Other Proxy Issues I voted to ratify the auditors.
NUM. | PROPOSAL TEXT | CorpGov | CALVERT | CBIS |
---|---|---|---|---|
1a | Elect Director Howell M. Estes III | For | Against | Against |
1b | Elect Director Kimberly Till | For | Against | Against |
1c | Elect Director Eddy Zervigon | For | Against | Against |
2 | Ratify NEO Compensation | Against | Against | Against |
3 | Ratify Auditors | For | For | Against |
Mark your Calendar
If you are submitting a proposal to be included in next year’s Proxy Statement, you may do so by following the procedures prescribed in Rule 14a-8 promulgated under the Securities Exchange Act of 1934, as amended (“Exchange Act”). Stockholder proposals submitted for inclusion in next year’s Proxy Statement must be received by our Corporate Secretary at our executive offices no later than December 15, 2014. In the event that we elect to hold our 2015 annual meeting of stockholders more than 30 days before or after May 28, 2015, such stockholder proposals must be received by us within a reasonable time before we begin to print and send our proxy materials for the 2015 annual meeting of stockholders.

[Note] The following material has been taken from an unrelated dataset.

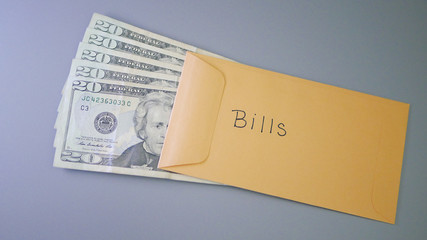 A yellow envelope on a gray table, containing cash for personal bills.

Issues for Future Proposals

- Classified board with staggered terms.
- Directors may only be removed for cause and only by the vote of 80% of the shares entitled to vote.
- No action can be taken without a meeting by written consent.

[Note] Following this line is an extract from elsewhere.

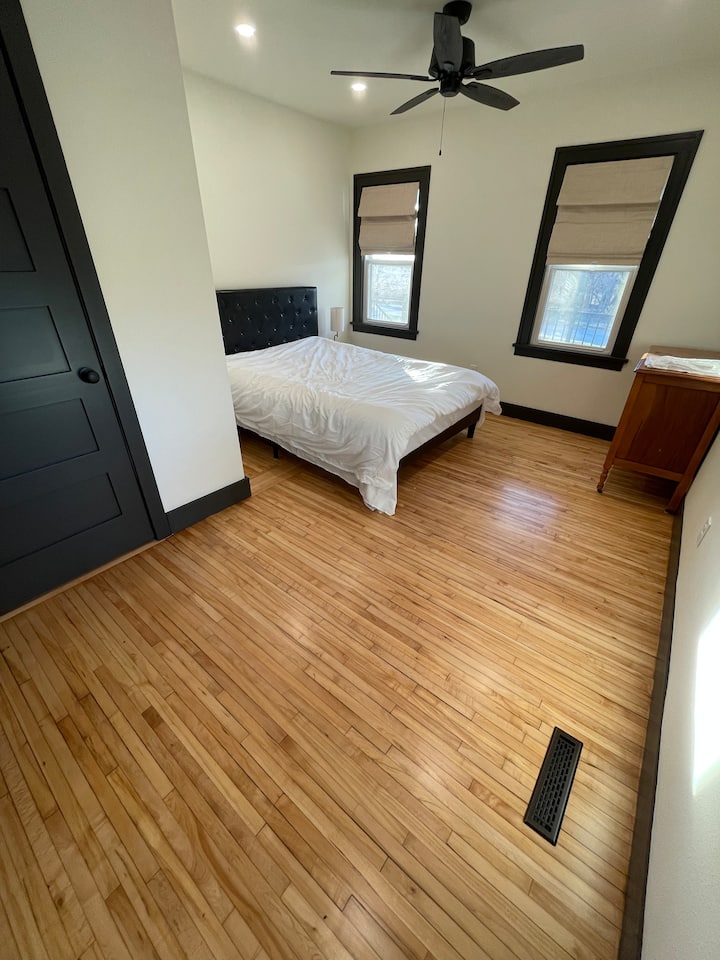 Downstairs bedroom with queen bed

- Shareholders cannot call special meetings.
- Supermajority vote requirement (80%) to amend certain charter and all bylaw provisions.
Warnings
Be sure to vote each item on the proxy. Any items left blank are voted in favor of management’s recommendations. (See Broken Windows & Proxy Vote Rigging – Both Invite More Serious Crime).I generally vote against pay packages where NEOs were paid above median in the previous year but make exceptions if warranted. According to Bebchuk, Lucian A. and Grinstein, Yaniv (The Growth of Executive Pay), aggregate compensation by public companies to NEOs increased from 5 percent of earnings in 1993-1995 to about 10 percent in 2001-2003. Few firms admit to having average executives. They generally set compensation at above average for their “peer group,” which is often chosen aspirationally. While the “Lake Woebegone effect” may be nice in fictional towns, “where all the children are above average,” it doesn’t work well for society to have all CEOs considered above average, with their collective pay spiraling out of control. We need to slow the pace of money going to the 1% if our economy is not to become third world. The rationale for peer group benchmarking is a mythological market for CEOs.